■ **Exercise prompt**
Copy nothing but the line with "奥日光小西ホテルに泊まる（予想外の紅葉に大満足）" and the lines that follow it to the end of the entries below, and keep the pictures out.

[Scraped caption text data]
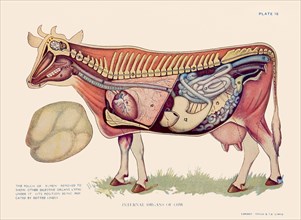 Internal Organs of Cow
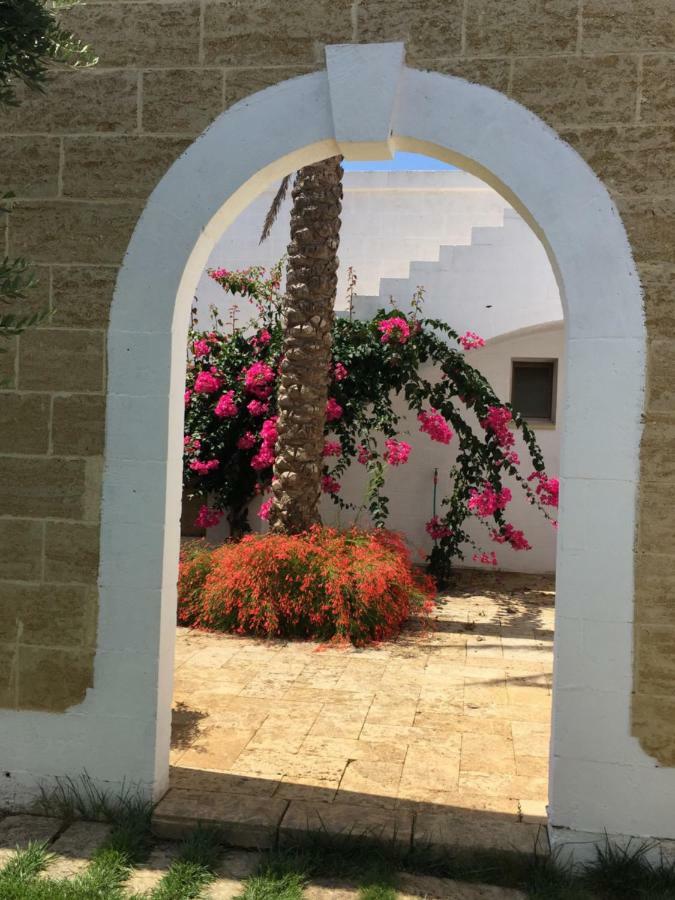 托雷瓦多Casa Vacanze La Corte公寓式酒店 外观 照片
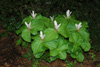 trillium-2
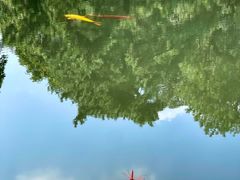 -杭州植物园
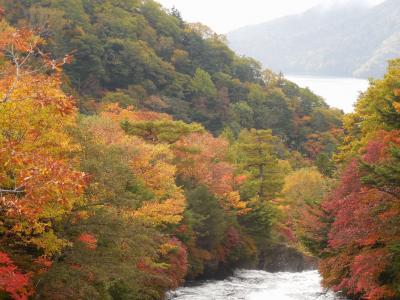 奥日光小西ホテルに泊まる（予想外の紅葉に大満足）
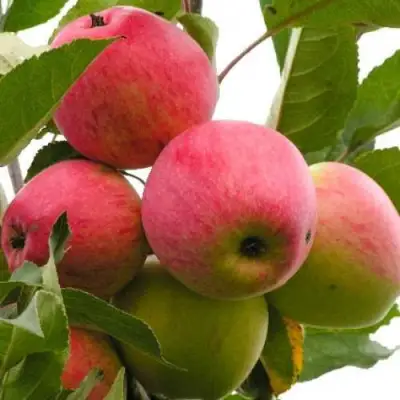 Яблоня МЕЧТА в Жодино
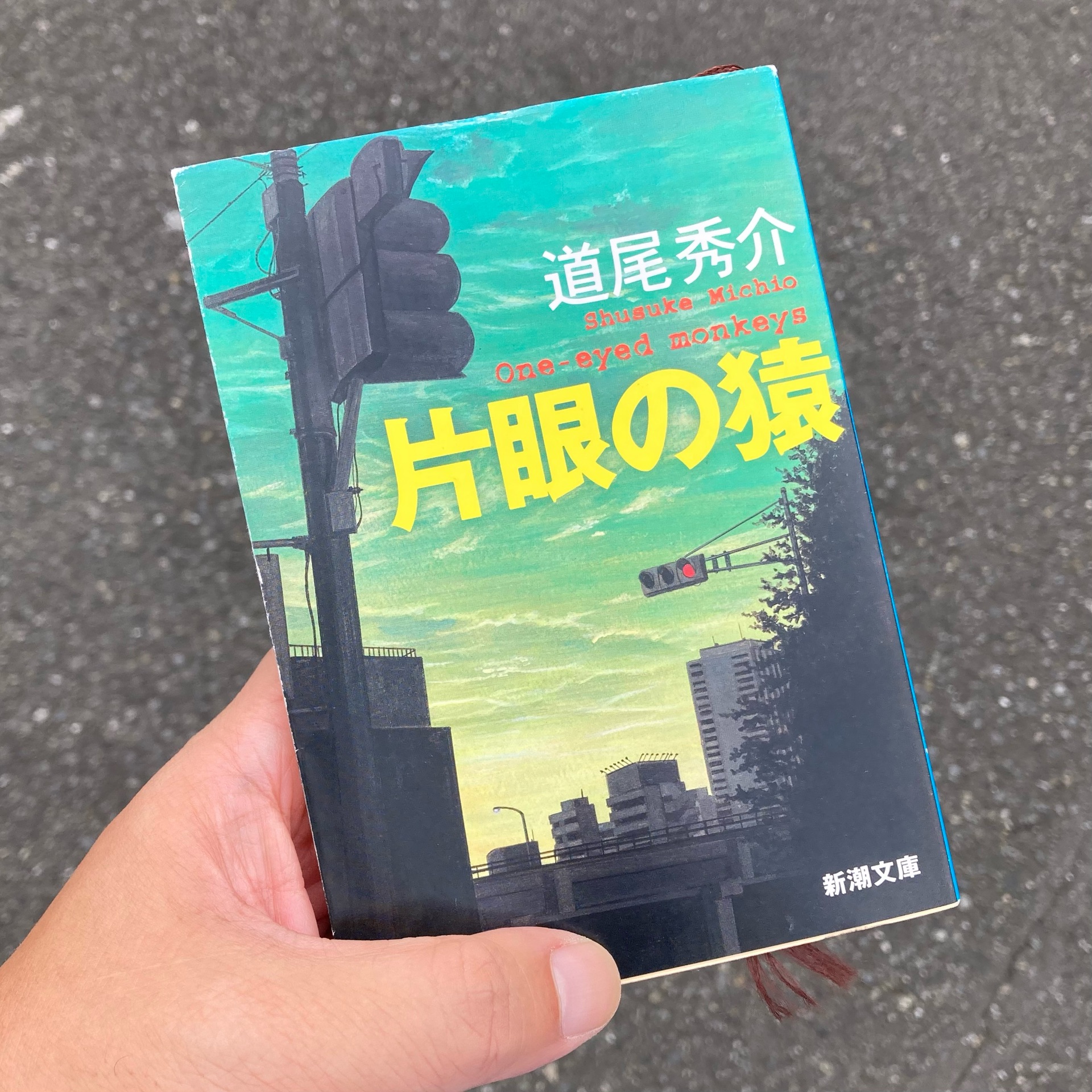 片眼の猿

■ **Task output**
 奥日光小西ホテルに泊まる（予想外の紅葉に大満足）
 Яблоня МЕЧТА в Жодино
 片眼の猿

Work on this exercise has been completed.